Это наивно-бюрократическое мышление губительно для литературы, потому что оно оперирует внеэстетическими критериями и сводит дело к уяснению намерений автора, а не к трезвой оценке художественного произведения и творческого момента, присутствующего в нем. Абсолютная свобода лиц, ведающих альманахом, решать судьбу предложенных произведений обернулась грубейшей вкусовщиной и произволом, какого, наверное, не позволял себе и Нерон.
Редакционная коллегия альманаха, состоящая из лиц старшего, сравнительно с авторами, возраста, оказалась неспособной преодолеть возрастной барьер и противопоставила относительной новизне и свежести молодых авторов черствость, оглядку, схоластику, безвкусицу, оградив себя от возможных протестов недосягаемостью сфер, в которых знаком „плюс“ или „минус“ решалась не просто судьба произведений, не только судьба авторов, но судьбы людей.
С этой точки зрения невозможно назвать деятельность редколлегии иначе, чем преступной, и вот почему: в начале 60-х годов в литературу пришли люди самого „немодного“ поколения – те, кому сейчас тридцать. Отличие этого поколения от предшествующих и последующих обусловлено самой историей нашего общества: только это поколение получило серьезный и активный нравственный опыт, ему было от чего отталкиваться и что утверждать.
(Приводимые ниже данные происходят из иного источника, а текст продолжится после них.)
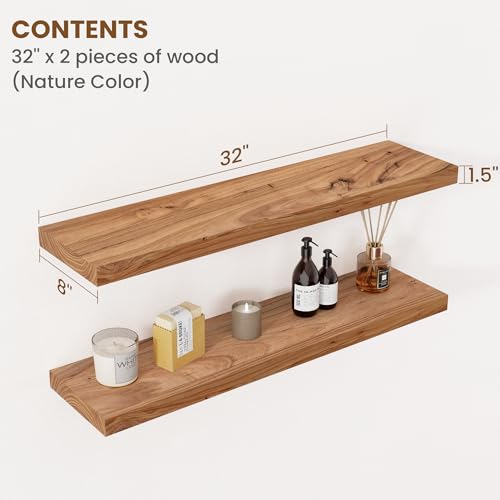 Image of Floating Shelves for Wall Decor, 8 inch Deep Rustic Solid Elm Wood Floating Shelves Wall Mounted, Wall Shelves with Invisible Bracket for Living Room Bathroom Bedroom Kitchen, 32 Inch Set of 2, Natural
Только оно оказалось наделенным известной нравственной самобытностью, а значит, и возможностью творческого развития, полезного обществу в целом. И если предшествующие поколения внесли свой вклад строительством и борьбой, этому поколению самой судьбой было суждено осмыслить ход жизни с точки зрения конкретной человечности, внести в общественное сознание необходимый момент, без которого обществу грозило возвращение в потемки прошлой эпохи. Неравноценность молодых авторов этого поколения требовала отбора и поддержки всего зрелого и серьезного, всего динамичного и перспективного. Но вместо этого глухие и слепые стали судить зрячих и говорящих.
Нравственной тенденции молодой литературы, получившей на первых порах отклик у читателя, распорядители противопоставили установку на „гениальность“, внесли в живое дело нездоровую атмосферу спортивного азарта, погони за известностью и литературным „именем“, что и привело в конечном счете к дроблению, измельчению и угасанию творческой интуиции, к смешению всех возможных талантов в общем бесправии, в равенстве с откровенной бездарностью, с духовным младенчеством, с нечистыми побуждениями и графоманством.